La conclusión es que en la historia de la humanidad se ha dado un proceso de laicización progresivo, que dista bastante de haber concluido aún. No manifiesta que solo con la separación de la Iglesia y del Estado se logra un Estado Laico que reconozca la libertad de conciencia y los derechos fundamentales del hombre, sino que se necesita, como base inequívoca y ostensible, una sociedad que crezca y se desarrolle en un ambiente de paz, diversidad y pluralidad en lo político y moral.
En inicios del siglo XVIII, se comenzó la tarea de definir en América Latina los límites de sus Estados, sus fronteras fueron trazadas según los intereses políticos y religiosos de los centros dominantes, sin tomar en cuenta las fronteras étnicas ni las regiones históricas antiguas. Nos independizaron ciertamente (1821 caso de Guatemala) pero no alcanzaron a darnos la independencia sobre los yugos imperantes en las tribunas del fanatismo. Y en ese contexto perdura la frase “Invocando el nombre de Dios” como acápite principal de nuestra Carta Magna – Constitución Política de la República de Guatemala- de la misma forma en que en uno de sus principios fundamentales, reconoce la personalidad jurídica a la Iglesia Católica (preferentemente sobre las demás, según el texto de su artículo 37 de los Derechos Individuales –interpretación personal-; pudiendo obtener dicho reconocimiento las otras iglesias conforme a las reglas de su institución, sujetándose al trámite respectivo de conformidad con la ley).

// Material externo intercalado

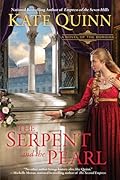 The Serpent and the Pearl  (The Borgias, #1)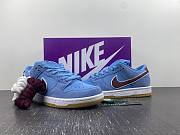  Nike SB Dunk Low Philadelphia Phillies DQ4040-400 - 6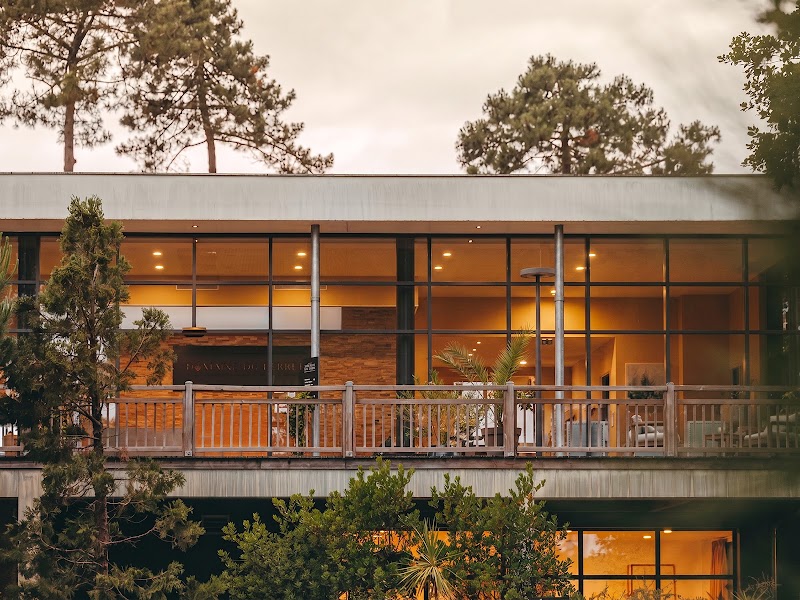 Domaine du Ferret Restaurant & Spa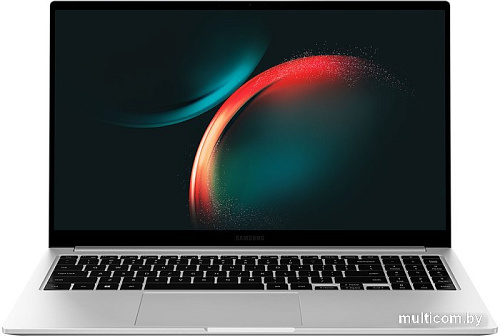 Ноутбук Samsung Galaxy Book3 15.6 NP750XFG-KB3IN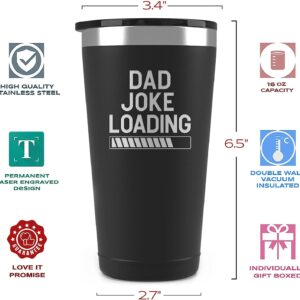 Mug Father's Day Gifts for Dad-Dad Birthday Gifts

El interés de los Jesuitas hacia el siglo XVIII en recuperar una masonería influenciada por la Iglesia Católica y en defensa de los intereses de Roma, les llevaron a alentar la aparición de ciertos grados caballerescos dominados por el Escocismo Estuardista[1]. Ciertos ritos templarios llevaban marcas indelebles de los compañeros de Jesús. Los hijos de Estuardo y los Jesuitas brindaron su total apoyo para la utilización de las logias masónicas escocesas, cuyo respeto por la tradición servía a su causa y al catolicismo. Y los altos grados favorecieron esta acción. Se denominaban Logias de San Juan, por el valor simbólico que la masonería medieval atribuía a dos festividades cristianas coincidentes con el solsticio de verano e invierno. Siendo en ese siglo la masonería un recinto de reflexiones espirituales, empezaron a adherirse a ella muchos especuladores intelectuales de diversos niveles. La participación en los debates de las logias masónicas operativas ajenas a la construcción, fueron aceptadas y apuntaban a espíritus críticos como masones aceptados. En algunas logias eran mayoritarios, y procedían tanto del ámbito católico como del protestante.
[1] En Francia, la dinastía de los Estuardo era la heredera de una tradición escocesa que remontaba hasta la antigua logia de Kilwinning del siglo XII y al rey Robert Bruce con sus caballeros templarios del siglo XIV, dicha dinastía había conservado y transmitía antiguas iniciaciones, los Estuardo eran los Superiores Desconocidos que gobernaban secretamente a la Masonería, el Pretendiente al trono de Inglaterra, en el exilio en Francia, había fundado un Soberano Capítulo Rosa-Cruz en la ciudad de Arras, y de esta Masonería se originaba una filiación operativa y anterior a la Masonería especulativa que se habría transmitido hasta la actualidad.
[2] Clemente XII, en su Encíclica “In Emminenti” de 1738, hasta nuestros días, reiteradamente los soberanos Pontífices han condenado las sectas masónicas, y el Código de Derecho Canónico señala: “Los que dan su nombre a la secta masónica o a otras asociaciones del mismo género incurren en excomunión” (Canon 2335).